* [Data]:
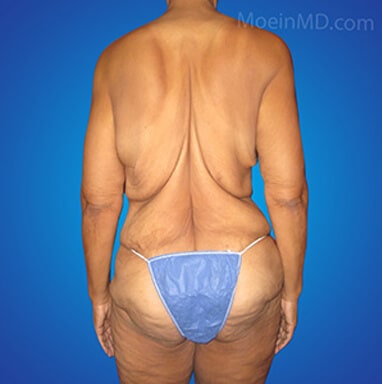 what is a body lift?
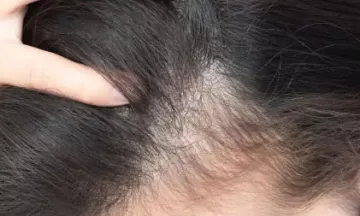 Is Female Baldness Hereditary?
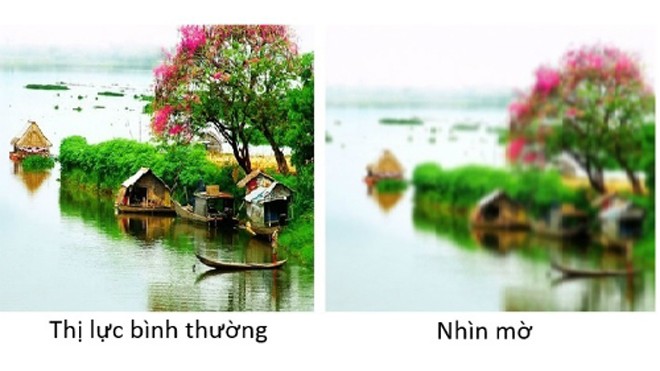 3 kiểu nhìn mờ cảnh báo nguy cơ mù lòa Đừng bỏ qua tình trạng nhìn mờ dù tình trạng này xảy ra thoáng qua hay thường xuyên.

* [What the exercise asks]:
Without the pictures, write out every line above exactly as it appears.

* [Exercise response]:
 what is a body lift?
 Is Female Baldness Hereditary?
 3 kiểu nhìn mờ cảnh báo nguy cơ mù lòa Đừng bỏ qua tình trạng nhìn mờ dù tình trạng này xảy ra thoáng qua hay thường xuyên.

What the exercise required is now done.